*THE DATA*.
--- START ---
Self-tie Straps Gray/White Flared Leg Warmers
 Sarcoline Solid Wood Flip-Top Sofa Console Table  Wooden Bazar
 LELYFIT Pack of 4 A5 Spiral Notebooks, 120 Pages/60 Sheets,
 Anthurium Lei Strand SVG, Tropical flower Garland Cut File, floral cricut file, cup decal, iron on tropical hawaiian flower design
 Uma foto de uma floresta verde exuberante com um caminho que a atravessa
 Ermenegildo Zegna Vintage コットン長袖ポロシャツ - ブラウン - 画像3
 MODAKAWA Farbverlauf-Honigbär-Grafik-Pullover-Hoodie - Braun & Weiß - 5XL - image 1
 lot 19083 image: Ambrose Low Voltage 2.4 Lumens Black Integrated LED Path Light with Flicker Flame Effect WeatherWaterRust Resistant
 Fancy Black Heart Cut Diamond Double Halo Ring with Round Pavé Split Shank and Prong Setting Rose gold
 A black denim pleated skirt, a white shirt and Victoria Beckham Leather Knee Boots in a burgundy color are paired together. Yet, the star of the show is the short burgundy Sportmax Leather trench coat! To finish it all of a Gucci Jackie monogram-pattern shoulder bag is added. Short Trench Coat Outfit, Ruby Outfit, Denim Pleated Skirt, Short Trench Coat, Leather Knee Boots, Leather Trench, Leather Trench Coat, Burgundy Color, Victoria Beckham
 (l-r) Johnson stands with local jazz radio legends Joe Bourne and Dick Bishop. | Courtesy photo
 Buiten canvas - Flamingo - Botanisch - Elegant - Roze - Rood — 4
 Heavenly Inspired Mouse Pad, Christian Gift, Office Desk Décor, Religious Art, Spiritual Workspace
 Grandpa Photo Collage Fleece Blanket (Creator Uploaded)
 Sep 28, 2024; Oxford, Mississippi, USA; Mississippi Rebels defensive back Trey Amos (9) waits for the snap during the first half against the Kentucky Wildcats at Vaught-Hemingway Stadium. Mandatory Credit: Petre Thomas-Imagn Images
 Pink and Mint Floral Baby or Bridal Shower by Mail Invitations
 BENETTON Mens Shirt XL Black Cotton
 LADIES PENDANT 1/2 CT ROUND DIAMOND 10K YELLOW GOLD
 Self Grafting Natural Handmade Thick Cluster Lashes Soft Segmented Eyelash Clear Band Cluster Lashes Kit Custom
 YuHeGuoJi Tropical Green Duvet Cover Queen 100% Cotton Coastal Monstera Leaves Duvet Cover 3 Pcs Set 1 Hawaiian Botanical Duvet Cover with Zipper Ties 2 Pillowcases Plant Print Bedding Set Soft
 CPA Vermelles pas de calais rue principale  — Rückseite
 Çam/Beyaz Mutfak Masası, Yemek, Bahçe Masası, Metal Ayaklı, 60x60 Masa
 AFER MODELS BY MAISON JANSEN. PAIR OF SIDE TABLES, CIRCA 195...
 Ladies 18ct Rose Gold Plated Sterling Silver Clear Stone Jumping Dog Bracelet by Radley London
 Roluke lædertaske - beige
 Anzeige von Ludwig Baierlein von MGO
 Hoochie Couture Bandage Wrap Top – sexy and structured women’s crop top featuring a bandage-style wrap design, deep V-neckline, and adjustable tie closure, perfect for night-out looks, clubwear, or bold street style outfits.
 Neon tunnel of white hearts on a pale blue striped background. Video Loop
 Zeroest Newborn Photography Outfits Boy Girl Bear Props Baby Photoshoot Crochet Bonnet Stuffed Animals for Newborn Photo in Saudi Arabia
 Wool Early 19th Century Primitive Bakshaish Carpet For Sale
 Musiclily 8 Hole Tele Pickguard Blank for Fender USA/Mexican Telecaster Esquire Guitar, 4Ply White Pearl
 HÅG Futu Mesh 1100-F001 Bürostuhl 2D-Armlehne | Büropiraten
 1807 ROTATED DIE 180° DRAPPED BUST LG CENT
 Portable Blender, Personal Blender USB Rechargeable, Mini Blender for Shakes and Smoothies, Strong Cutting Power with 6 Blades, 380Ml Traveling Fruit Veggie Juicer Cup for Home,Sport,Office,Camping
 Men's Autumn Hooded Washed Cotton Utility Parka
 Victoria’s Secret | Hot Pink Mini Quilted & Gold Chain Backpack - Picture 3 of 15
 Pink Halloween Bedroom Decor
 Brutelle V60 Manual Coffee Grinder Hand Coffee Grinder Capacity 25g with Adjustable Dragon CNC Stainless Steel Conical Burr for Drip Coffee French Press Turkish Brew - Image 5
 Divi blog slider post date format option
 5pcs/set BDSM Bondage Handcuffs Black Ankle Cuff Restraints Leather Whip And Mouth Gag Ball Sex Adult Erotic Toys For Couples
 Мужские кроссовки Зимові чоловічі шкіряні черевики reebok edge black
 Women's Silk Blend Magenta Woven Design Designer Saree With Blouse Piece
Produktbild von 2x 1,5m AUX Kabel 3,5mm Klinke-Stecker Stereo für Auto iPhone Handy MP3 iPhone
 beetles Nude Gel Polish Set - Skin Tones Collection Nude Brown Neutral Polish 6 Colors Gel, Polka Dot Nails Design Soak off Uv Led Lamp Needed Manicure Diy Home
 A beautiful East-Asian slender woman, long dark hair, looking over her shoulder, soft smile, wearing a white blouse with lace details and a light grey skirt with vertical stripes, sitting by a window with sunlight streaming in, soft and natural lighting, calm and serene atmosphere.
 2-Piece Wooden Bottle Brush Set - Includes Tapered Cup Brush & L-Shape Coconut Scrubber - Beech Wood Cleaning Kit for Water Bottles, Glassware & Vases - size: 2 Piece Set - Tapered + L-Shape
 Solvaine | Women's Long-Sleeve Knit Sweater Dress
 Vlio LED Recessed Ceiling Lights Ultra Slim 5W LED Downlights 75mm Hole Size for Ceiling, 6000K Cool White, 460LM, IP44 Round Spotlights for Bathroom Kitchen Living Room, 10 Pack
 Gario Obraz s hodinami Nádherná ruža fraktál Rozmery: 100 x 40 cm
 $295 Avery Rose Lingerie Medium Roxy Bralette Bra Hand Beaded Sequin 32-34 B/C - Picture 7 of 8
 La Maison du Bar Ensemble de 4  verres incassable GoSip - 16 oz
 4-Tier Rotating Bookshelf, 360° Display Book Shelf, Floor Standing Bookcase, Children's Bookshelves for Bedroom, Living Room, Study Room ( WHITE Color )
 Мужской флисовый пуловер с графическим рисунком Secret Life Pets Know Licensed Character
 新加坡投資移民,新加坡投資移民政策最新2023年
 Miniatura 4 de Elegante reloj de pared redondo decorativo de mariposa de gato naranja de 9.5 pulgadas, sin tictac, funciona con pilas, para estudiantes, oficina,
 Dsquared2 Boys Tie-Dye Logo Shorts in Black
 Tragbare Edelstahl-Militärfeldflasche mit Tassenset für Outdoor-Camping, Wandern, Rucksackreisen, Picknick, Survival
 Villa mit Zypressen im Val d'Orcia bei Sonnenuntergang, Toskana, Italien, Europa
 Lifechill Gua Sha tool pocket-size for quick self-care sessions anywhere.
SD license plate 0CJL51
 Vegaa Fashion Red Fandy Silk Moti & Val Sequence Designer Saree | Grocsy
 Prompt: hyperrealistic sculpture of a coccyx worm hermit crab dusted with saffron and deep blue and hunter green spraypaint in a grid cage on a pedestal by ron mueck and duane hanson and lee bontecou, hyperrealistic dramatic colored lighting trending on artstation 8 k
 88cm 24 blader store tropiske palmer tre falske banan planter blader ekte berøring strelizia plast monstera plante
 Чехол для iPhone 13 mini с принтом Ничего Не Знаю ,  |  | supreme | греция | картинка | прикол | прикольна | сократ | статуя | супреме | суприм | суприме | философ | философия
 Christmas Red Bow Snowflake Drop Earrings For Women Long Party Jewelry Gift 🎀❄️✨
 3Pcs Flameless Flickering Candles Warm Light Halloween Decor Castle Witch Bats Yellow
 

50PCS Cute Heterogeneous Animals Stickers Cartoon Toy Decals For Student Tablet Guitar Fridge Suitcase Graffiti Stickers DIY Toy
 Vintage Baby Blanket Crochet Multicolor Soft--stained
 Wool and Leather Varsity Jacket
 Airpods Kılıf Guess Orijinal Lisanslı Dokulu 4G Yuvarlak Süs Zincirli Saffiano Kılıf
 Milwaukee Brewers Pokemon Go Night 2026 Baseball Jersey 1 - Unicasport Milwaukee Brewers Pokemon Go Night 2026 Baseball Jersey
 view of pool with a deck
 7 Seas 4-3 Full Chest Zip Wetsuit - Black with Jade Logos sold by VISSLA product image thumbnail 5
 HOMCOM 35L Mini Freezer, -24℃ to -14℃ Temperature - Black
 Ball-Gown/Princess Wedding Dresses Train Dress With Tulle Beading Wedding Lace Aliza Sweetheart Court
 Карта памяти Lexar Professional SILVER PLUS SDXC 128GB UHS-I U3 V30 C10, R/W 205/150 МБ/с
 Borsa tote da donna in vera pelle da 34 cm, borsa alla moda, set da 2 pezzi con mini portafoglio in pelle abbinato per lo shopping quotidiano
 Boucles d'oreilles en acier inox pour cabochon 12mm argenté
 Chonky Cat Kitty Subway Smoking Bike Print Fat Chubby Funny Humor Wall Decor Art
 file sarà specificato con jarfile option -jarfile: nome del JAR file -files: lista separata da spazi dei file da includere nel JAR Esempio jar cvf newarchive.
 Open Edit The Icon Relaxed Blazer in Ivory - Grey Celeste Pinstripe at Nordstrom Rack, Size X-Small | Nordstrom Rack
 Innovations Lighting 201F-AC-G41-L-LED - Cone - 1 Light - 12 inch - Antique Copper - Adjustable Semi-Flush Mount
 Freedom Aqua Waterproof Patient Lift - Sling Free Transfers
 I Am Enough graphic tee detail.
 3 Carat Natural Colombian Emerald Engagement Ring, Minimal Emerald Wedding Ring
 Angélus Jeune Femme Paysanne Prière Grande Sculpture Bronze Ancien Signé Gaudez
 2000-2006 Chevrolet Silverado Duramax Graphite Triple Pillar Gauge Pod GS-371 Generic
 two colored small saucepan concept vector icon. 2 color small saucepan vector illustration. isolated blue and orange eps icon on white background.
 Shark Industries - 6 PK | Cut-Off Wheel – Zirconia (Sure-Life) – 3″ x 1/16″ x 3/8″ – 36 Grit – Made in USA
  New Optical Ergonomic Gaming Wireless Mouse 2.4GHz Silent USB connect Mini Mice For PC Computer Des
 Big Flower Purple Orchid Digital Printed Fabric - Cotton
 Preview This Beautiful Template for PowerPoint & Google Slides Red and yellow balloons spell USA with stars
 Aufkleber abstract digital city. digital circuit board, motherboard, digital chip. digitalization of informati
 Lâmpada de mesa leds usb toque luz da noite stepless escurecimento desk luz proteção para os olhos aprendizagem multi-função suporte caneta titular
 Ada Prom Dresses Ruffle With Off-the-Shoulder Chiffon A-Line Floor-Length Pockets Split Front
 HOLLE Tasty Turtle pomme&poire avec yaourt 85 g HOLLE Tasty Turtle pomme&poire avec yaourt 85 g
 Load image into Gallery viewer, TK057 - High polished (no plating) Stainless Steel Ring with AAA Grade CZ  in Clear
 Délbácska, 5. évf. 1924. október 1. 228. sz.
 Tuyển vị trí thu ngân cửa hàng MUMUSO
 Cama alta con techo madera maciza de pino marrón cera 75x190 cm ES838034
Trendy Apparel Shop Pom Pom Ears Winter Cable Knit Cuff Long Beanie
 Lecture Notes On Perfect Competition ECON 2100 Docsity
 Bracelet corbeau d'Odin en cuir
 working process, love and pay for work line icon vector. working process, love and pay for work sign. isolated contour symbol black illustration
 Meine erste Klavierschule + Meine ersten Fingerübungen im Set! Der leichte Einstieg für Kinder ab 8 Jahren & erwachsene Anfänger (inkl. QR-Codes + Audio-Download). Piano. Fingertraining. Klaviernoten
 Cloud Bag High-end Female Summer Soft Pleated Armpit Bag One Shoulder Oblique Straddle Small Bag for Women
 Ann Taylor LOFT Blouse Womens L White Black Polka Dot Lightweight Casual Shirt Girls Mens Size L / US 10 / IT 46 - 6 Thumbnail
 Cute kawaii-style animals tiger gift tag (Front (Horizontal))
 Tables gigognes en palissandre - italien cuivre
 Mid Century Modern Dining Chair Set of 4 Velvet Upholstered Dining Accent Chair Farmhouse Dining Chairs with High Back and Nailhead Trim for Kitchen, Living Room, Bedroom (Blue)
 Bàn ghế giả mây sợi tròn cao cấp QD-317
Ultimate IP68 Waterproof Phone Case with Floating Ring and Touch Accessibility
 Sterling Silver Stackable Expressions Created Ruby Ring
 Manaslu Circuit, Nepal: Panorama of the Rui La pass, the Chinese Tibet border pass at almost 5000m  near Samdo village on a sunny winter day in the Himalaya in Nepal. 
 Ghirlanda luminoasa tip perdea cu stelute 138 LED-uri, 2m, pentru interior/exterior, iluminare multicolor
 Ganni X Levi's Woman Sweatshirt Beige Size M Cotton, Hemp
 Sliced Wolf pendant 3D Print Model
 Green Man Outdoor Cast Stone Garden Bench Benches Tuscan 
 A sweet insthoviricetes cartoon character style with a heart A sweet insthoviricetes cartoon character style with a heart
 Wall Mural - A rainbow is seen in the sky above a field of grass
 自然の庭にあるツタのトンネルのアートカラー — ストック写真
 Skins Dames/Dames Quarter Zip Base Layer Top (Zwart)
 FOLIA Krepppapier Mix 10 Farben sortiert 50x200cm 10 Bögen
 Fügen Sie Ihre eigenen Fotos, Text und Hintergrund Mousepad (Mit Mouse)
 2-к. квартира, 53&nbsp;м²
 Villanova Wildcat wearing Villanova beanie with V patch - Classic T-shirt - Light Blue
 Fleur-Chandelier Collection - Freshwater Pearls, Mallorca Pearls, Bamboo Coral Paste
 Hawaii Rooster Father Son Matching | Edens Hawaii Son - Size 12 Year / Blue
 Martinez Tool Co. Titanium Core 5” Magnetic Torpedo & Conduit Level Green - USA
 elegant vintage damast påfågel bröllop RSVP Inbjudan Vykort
--- END ---
*EXERCISE DIRECTIONS*.
Find the string "Ruby" in the listing and copy every line in which it occurs.

*ANSWER*.
 A black denim pleated skirt, a white shirt and Victoria Beckham Leather Knee Boots in a burgundy color are paired together. Yet, the star of the show is the short burgundy Sportmax Leather trench coat! To finish it all of a Gucci Jackie monogram-pattern shoulder bag is added. Short Trench Coat Outfit, Ruby Outfit, Denim Pleated Skirt, Short Trench Coat, Leather Knee Boots, Leather Trench, Leather Trench Coat, Burgundy Color, Victoria Beckham
 Sterling Silver Stackable Expressions Created Ruby Ring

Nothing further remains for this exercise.